As Steve explains it, feelings are like shit: waste products meant to be expelled from the body, not hidden or stored up. Bodies that holds in shit feel constipated. People that holds in feelings feels anxious.
This, too, is a self-perpetuating method. The more feelings I bury, the more anxious I get. The more anxious I get, the more I try to hide my feelings.
Thus the main symptom of my control addiction is an endlessly repeating cycle: anxiety leads to controlling, which leads to more anxiety, which leads to more controlling, around and around and around.
So. What to do?
 
Two practices
Some background anxiety is simply the cost of being human — of having oversized brains that worry endlessly, and of fearing rejections which make us feel insecure.
But you can turn down the volume.
I find the two practices that work best for me both involve (surprise) giving up control.
The first practice is taming monkey mind: meditation. Twice a day I sit at my desk for twenty minutes and try to count breaths. I rarely get beyond three or four before anxious thoughts interrupt and run amuck. I push the thoughts aside and go back to counting. I do this over and over and over.

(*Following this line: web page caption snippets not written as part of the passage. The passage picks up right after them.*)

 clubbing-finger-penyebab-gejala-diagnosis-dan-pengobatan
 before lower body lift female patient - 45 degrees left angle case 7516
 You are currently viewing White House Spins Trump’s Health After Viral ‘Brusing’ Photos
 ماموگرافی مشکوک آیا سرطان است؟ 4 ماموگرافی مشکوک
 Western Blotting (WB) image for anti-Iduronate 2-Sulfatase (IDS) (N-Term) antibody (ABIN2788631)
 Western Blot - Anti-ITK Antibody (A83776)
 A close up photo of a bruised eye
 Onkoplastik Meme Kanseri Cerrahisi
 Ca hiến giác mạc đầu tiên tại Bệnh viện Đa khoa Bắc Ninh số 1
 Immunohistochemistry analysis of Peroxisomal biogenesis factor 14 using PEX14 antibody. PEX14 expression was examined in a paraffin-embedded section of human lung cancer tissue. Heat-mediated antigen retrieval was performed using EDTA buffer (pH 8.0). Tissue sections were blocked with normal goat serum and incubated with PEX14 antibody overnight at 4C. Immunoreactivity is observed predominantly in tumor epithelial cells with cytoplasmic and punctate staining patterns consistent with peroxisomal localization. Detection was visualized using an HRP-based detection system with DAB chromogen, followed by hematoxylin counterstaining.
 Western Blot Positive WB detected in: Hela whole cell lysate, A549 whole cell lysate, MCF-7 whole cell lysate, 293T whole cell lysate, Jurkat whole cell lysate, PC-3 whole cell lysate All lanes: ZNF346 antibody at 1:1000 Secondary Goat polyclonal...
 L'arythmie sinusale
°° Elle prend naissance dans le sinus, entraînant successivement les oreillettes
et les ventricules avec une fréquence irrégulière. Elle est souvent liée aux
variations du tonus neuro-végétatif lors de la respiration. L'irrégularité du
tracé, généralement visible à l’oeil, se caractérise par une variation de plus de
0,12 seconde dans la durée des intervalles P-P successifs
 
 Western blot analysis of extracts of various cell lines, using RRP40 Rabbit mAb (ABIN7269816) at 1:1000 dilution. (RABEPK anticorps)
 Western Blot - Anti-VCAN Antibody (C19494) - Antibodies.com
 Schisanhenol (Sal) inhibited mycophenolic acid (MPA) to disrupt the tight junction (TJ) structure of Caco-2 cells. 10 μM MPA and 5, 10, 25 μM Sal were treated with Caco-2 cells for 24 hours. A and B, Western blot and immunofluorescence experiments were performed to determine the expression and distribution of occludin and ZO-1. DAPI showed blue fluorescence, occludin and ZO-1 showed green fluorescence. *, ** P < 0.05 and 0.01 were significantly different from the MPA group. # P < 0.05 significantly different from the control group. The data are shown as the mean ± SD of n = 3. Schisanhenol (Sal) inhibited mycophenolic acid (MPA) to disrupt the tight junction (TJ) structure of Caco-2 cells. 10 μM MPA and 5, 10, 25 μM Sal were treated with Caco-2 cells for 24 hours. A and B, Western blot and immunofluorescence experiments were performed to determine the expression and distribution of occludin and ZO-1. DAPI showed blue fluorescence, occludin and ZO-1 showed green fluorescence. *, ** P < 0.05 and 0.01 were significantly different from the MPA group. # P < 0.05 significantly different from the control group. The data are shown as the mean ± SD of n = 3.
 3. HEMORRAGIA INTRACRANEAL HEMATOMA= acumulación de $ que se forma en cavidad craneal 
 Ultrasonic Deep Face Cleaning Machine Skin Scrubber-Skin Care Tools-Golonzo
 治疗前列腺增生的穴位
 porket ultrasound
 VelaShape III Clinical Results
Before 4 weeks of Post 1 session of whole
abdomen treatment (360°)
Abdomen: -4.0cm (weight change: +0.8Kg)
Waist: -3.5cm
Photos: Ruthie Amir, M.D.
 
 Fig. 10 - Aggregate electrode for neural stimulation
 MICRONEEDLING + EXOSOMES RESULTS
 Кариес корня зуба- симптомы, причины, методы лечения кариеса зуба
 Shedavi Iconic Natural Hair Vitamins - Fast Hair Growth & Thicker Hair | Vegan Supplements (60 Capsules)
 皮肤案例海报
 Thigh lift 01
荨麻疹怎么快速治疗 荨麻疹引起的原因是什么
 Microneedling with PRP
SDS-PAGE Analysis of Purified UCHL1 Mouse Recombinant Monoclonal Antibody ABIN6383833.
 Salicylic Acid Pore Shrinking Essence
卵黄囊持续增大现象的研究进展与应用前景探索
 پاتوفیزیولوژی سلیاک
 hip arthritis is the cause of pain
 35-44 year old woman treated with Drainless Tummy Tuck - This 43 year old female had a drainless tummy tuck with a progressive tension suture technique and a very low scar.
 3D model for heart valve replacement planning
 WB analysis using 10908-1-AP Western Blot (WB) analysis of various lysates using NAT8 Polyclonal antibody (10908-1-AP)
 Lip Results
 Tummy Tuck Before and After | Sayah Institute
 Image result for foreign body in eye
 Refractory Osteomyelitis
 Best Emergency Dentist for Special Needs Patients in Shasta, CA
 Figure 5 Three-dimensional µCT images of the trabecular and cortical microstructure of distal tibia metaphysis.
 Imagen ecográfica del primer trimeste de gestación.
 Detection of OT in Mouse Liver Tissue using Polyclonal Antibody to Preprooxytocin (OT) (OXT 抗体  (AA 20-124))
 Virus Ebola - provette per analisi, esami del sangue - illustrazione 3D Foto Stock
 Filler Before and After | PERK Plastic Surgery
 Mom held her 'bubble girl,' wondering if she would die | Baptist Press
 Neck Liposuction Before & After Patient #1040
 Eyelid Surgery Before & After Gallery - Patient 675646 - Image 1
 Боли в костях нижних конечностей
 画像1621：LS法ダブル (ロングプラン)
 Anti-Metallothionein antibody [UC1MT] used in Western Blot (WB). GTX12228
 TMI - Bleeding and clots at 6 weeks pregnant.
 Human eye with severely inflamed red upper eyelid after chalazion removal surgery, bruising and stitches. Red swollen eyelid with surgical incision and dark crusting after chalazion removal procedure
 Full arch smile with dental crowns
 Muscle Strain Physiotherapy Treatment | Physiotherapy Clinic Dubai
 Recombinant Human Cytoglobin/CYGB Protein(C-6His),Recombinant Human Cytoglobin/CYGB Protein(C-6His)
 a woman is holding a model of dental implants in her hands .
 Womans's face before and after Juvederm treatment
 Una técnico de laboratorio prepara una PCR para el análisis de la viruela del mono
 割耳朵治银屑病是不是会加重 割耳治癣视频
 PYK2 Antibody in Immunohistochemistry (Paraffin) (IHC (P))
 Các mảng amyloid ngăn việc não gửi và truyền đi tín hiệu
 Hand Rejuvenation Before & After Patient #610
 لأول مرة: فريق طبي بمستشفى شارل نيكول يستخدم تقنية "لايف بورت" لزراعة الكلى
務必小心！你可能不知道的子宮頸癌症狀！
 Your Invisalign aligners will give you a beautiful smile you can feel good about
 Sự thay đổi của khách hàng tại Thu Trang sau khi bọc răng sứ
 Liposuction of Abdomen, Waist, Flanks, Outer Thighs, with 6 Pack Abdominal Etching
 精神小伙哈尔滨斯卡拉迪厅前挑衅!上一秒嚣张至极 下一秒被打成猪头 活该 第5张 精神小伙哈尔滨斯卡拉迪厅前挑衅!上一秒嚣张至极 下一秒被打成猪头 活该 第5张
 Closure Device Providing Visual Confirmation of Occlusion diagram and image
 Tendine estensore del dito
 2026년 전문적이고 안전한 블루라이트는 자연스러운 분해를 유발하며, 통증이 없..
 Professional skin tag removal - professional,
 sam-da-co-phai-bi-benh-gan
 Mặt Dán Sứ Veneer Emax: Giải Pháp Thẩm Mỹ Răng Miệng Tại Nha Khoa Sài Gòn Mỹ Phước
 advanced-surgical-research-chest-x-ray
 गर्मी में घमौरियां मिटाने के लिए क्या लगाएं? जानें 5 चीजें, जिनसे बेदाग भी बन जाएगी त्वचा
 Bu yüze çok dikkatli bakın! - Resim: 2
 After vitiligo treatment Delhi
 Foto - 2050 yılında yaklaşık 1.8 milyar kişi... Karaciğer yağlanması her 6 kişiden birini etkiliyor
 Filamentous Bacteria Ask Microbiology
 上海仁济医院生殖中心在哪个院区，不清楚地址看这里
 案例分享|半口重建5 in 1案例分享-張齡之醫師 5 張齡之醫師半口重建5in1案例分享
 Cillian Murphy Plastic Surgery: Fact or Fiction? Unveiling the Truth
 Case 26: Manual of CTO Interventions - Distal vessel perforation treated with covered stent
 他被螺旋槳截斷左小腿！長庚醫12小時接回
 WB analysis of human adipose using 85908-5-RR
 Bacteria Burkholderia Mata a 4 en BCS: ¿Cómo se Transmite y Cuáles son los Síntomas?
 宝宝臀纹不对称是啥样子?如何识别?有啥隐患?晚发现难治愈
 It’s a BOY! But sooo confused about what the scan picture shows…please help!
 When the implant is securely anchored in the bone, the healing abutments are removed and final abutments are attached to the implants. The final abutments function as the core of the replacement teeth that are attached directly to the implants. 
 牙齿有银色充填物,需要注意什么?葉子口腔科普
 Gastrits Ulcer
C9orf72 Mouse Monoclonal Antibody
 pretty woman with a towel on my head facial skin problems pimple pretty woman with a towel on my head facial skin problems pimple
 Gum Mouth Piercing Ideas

Yes, it’s hard. Yes, it gets easier with practice. Yes, it works.
The other practice is emotional honesty. This has two steps. The first is to notice how often I feel the urge to lie, even in small ways. (Pleased to meet you. Ha ha, funny. No, that dress doesn’t make your butt look big.)
I face this choice maybe a hundred times a day. The second step is to try to increase the frequency with which
I tell the truth, show myself as I am.
This too is difficult. Often, scary.
This too gets easier with practice.
And when I can do it, this — more than anything else — makes me a less nervous monkey.